Side Effects of Mask Use — Can Potentially Make Wearer Really, Really Mean

A few days ago, a video surfaced of a woman in a California location of Trader Joe’s, being confronted by customers and staff for not having a mask on.

Los Angeles County has had a hardcore mandatory mask bylaw in place since May 15th; masks are required by all persons outside of their homes. Exemptions are in place for children under 2 and people unable to wear a mask due to health issues.

The video starts as the woman is yelling at a crowd of people that she has health issues and her doctor has advised her to not wear a mask. The crowd seems not to believe her. She throws down her basket as staff escort her from the store.

What an entitled “Karen”, people think. What a horrible, selfish, screechy, white woman.

Except that, as it turns out, the woman did have permission to be in the store without a mask. She consulted the store manager and was allowed in without a face covering.

It was the other customers who confronted her, filmed her reaction, and posted it to the internet, making fun of her.

When I watch this video, I don’t see an entitled “Karen”. I see a person being bullied, taunted and harassed. Scared for her own safety, backed into a corner, terrified of what the crowd of self-righteous vigilantes might do to her.

And this scares the crap out of me.

We’ve been brainwashed into wearing masks under the guise of having respect for each other, but where is the respect or empathy for people unable to wear one?

I get that everyone is scared, stressed, and tired of this thing. That it has left millions of people in financial ruin, homeless, and most importantly sick, or grieving for their dead. I get that this combination makes us feel helpless and angry and inclined to lash out. And I get that “Karens” (aka. middle-aged, middle-class, white women, and please, out of respect for my very nice, not-at-all-screechy friend Karen, can we please call them something else?) are easy targets, especially when they behave in a way that demonstrates entitlement.

But maybe, just maybe, that lady’s got a reason. An honest, truthful, justifiable reason, the details of which are none of your fucking business.

Please resist your urge to terrorize and bully her under the messed up premise that you’re somehow protecting your grandma. Or that by endlessly repeating the creepy, patronizing mantra of “my mask protects you, your mask protects me” that a person who genuinely cannot wear a mask is going to put one on.

That lady was just trying to live her life like the rest of us. None of us know her personal struggles or circumstances, or what she’s going through. (Well, hopefully anybody who’s ever been bullied by a crowd of people can muster up some empathy for her; watching her face as she tried to defend herself certainly triggered a lot of memories and trauma of childhood bullying for me.)

Whether you agree with her wearing a mask or not, she had permission to be in the store without a mask. She was not the asshole in this situation.
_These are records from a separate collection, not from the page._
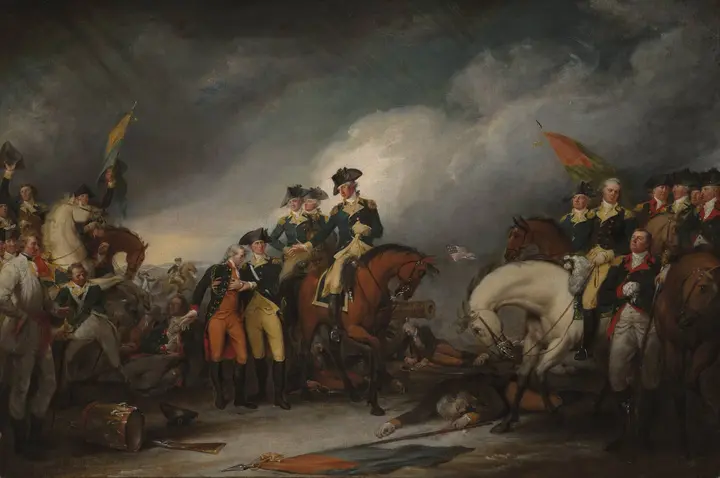 The Capture of the Hessians at Trenton (John Trumbull): the mortally wounded Colonel Rall before Washington.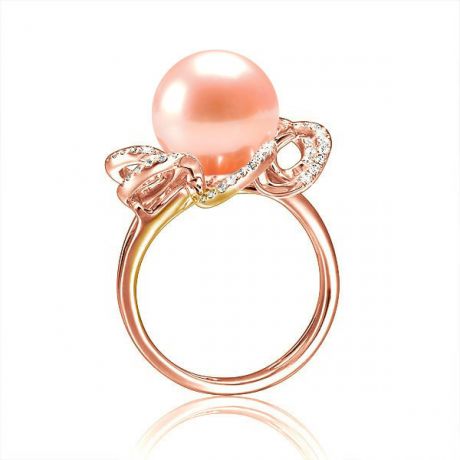 Anello Fleur Perlée - Oro Rosa, Perla d'Acqua Dolce Rosa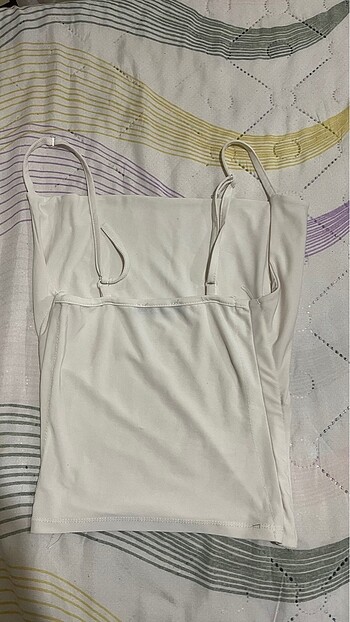 Beyaz askılı crop - Görsel 2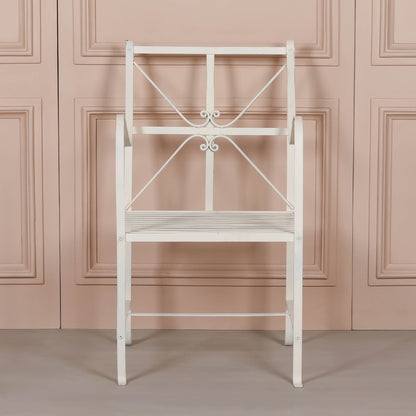 Iron Frame Off White / Cream Distressed Garden Dining Chair
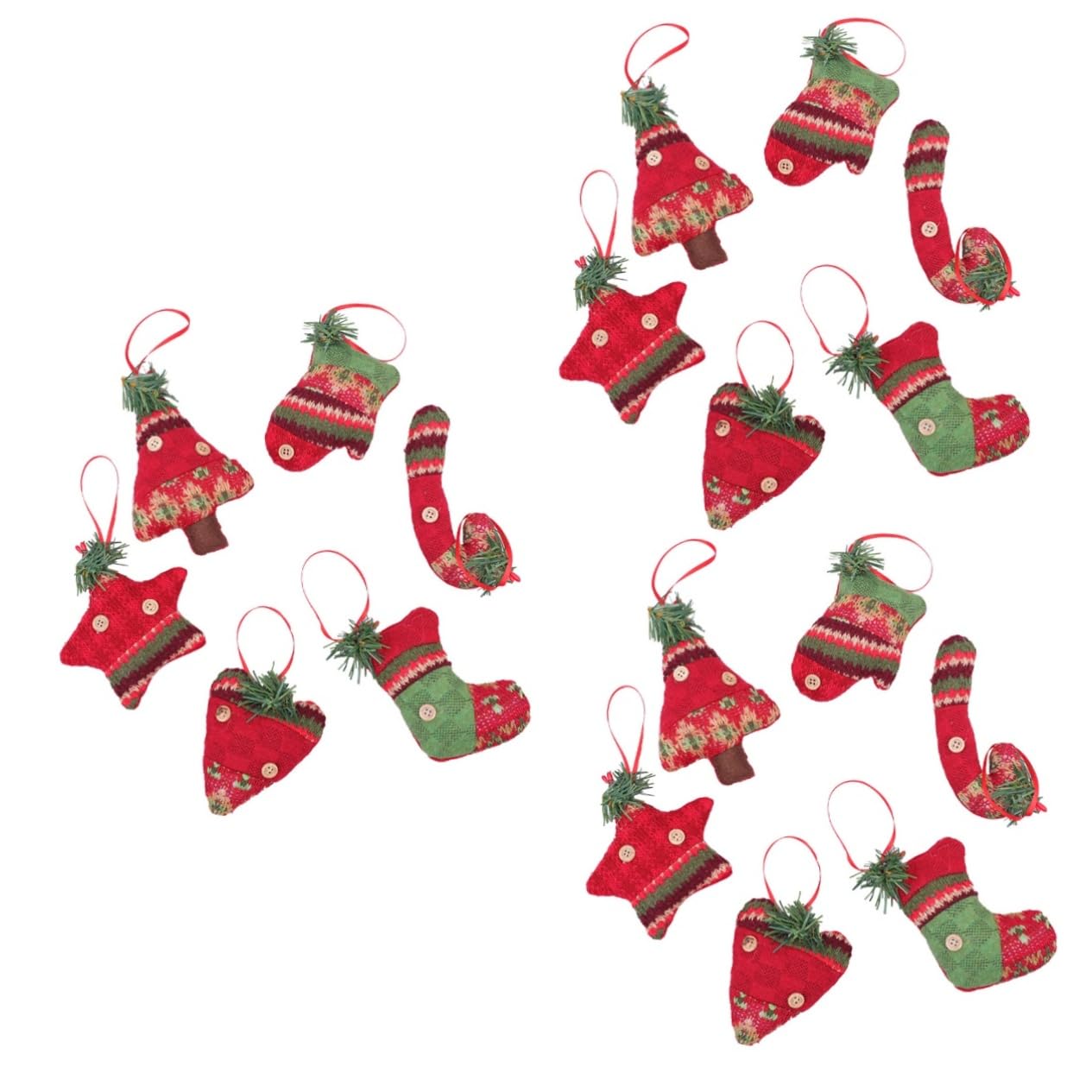 TOPBATHY 18 Piezas Decoración navideña Ornamento del árbol de Navidad Adorno navideño para Chimenea Colgantes navideños Christmas Tree Colgantes para Colgar Colgante con temática navideña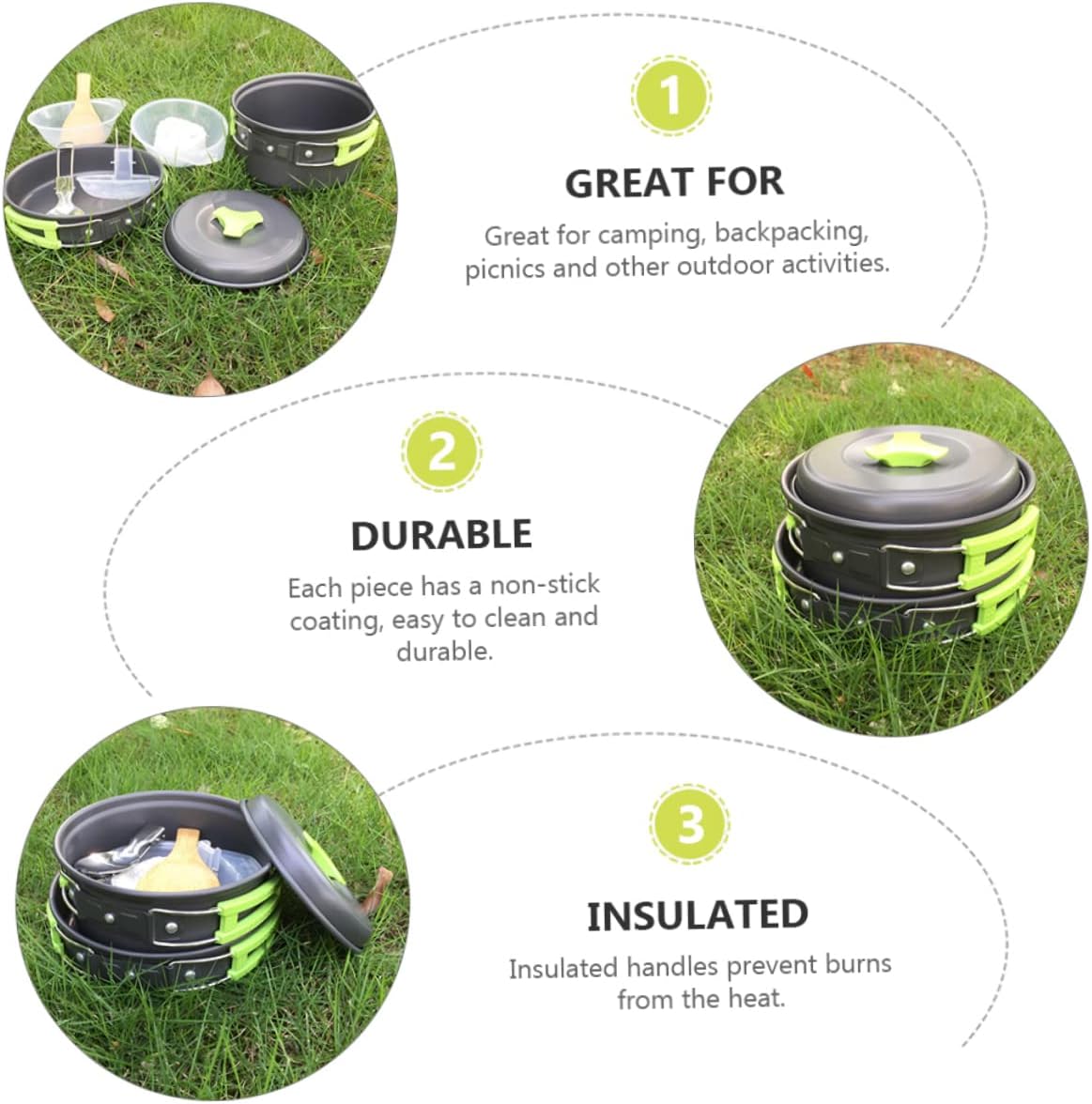 Kisangel Lightweight Camping Cookware Portable Outdoor Cooking Utensils with Insulated Handles Non Stick Design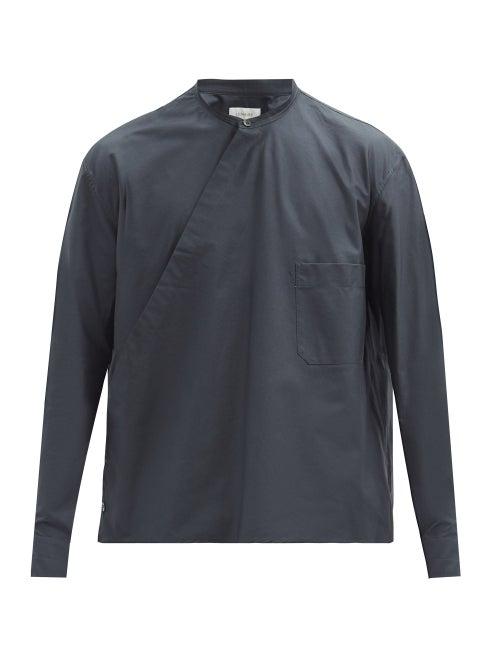 Matchesfashion.com Lemaire - Stand-collar Cotton-poplin Wrap Shirt - Mens - Dark Navy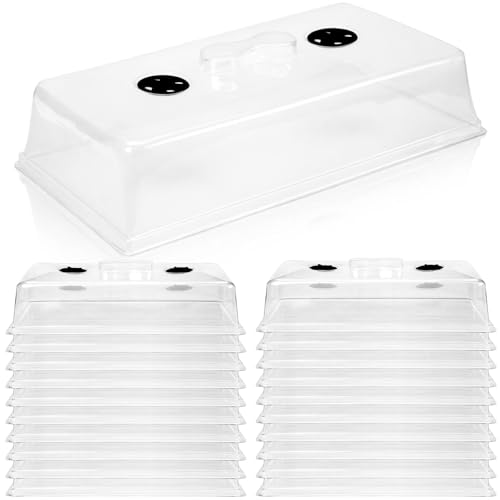 Vesici 20 Pcs Humidity Dome 4.7 Tall Extra Strength Plastic Clear 1020 Seed Starting Tray Covers with Adjustable Vents Garden Plant Dome Trays Cover for Greenhouse Germination Growing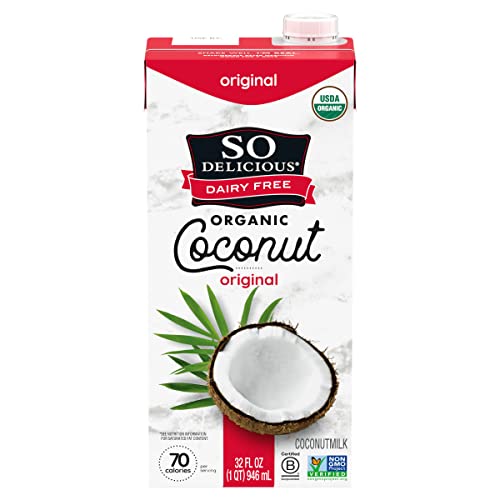 So Delicious Dairy Free Shelf-Stable Coconut Milk, Original, Vegan, Non-GMO Project Verified, 1 Quart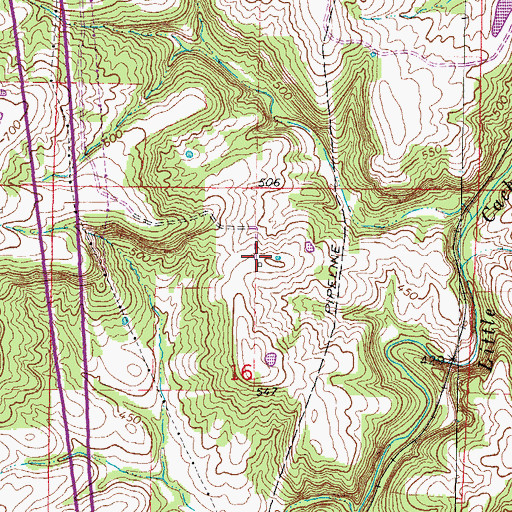 Topographic Map of Stringtown (historical), IL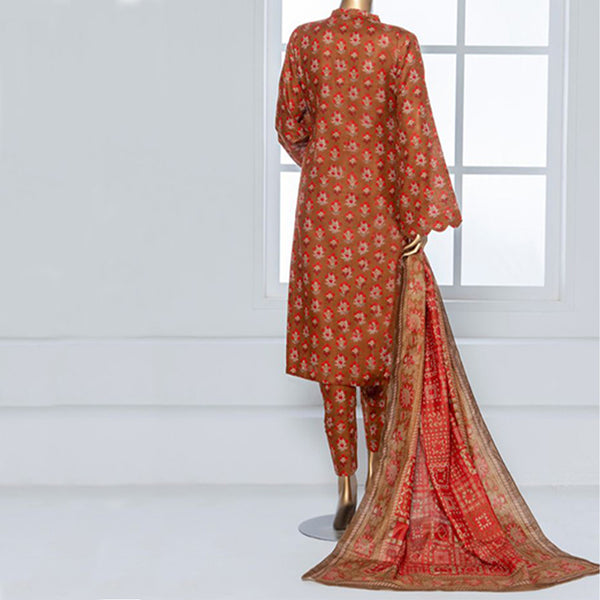 3pc Printed Unstitched Premium Khaddar Ladies Suit 020-A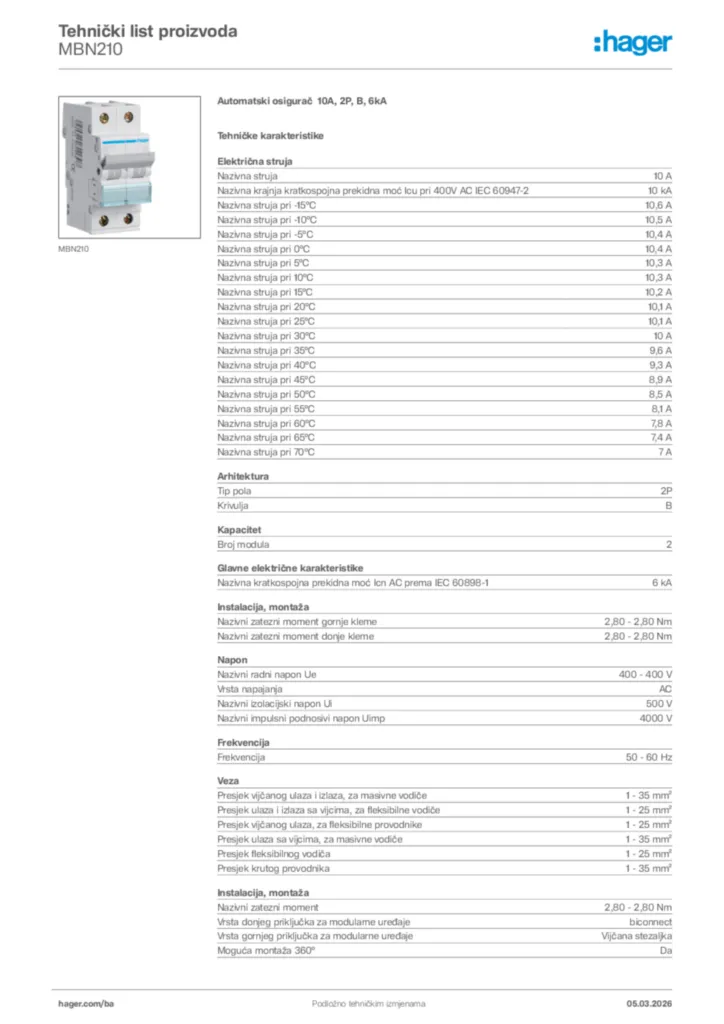 Slika Hager Tehnički list proizvoda MBN210  | Hager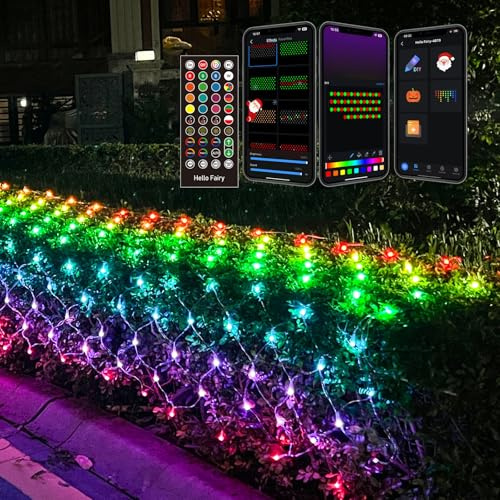 Bseanpol Outdoor Christmas Net Lights, 1.2m*1.8m, 150 LEDs Smart Mesh Lights for Bushes, Connectable, Waterproof, Color Changing, App/Remote Control, Timer, Dimmer, Holiday Trees, Garden, Xmas Decor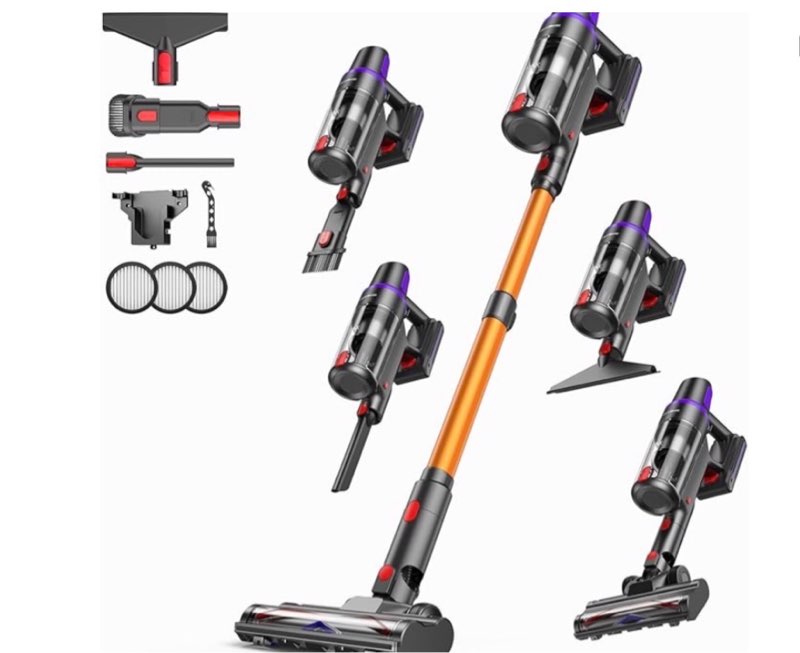 newbulig cordless vacuum cleaner, lightweight stick vacuum for home with anti-tangle and led lights,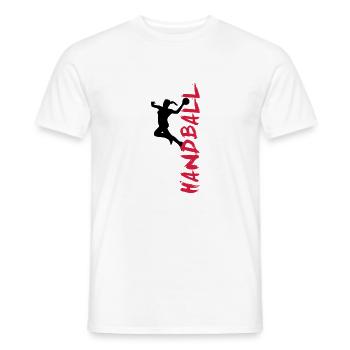 Handballerin - Handball seitlich - Männer T-Shirt - Weiß - Vorne - AI Model Male 178 dark (178cm)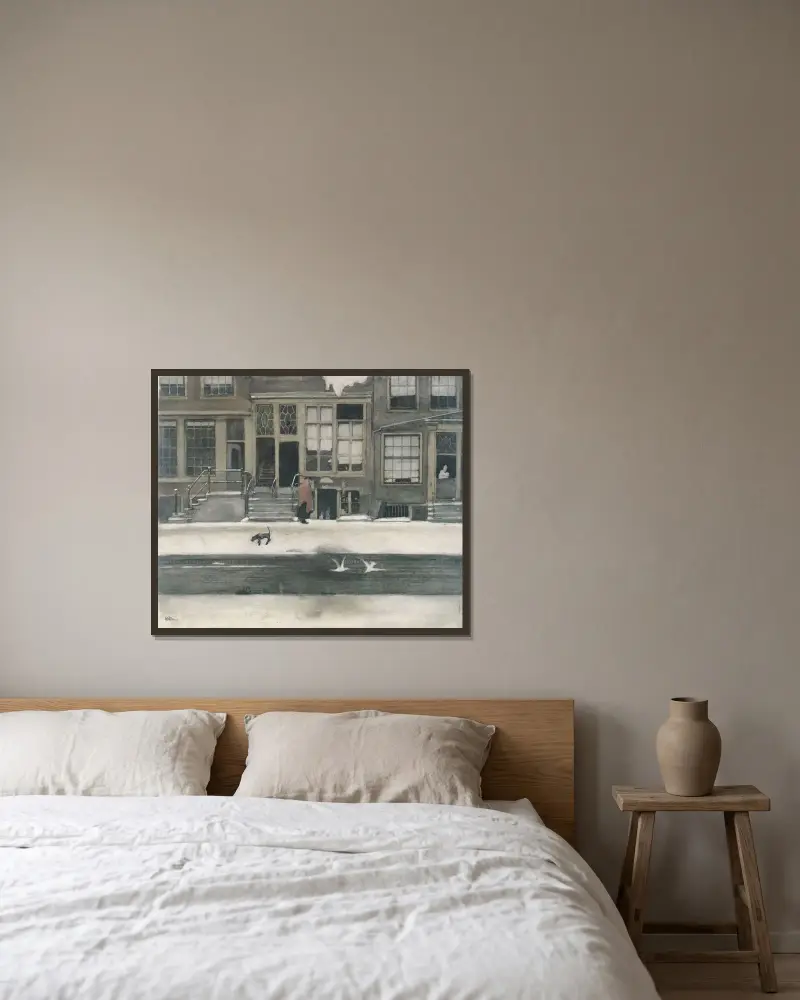Kromboomsloot i Amsterdam av Willem Witsen inramad på en vägg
As someone who cannot wear a mask for medical reasons, this woman just lived through my greatest fear. I have been having anxiety attacks about exactly this type of event; about being confronted by a crowd of self-righteous vigilantes who demand an explanation but refuse to accept the reasonable answers given.

I can clearly demonstrate why I cannot wear a mask — it’s gross, but I can do it, and I guarantee you won’t ask a second time — but the point is that I shouldn’t have to. That lady shouldn’t have to either.

For people purporting to have respect for others by wearing a mask, they certainly weren’t respectful in any other way. Not in confronting her, refusing to believe her, and then shaming her, both in person and online.

Early on, there was an idea of “we’re all in this together”, but that’s not true. Anybody who deviates from the predetermined, acceptable behaviour, even if they have a perfectly reasonable explanation for that deviance, isn’t part of the togetherness. They will be attacked, pushed out, and ostracized for being different. Or for not being a team player.

And that’s not because of any potential danger they present, that’s because this pandemic has made a whole lot of people really, really mean. Not to mention intolerant, bigoted, and ableist.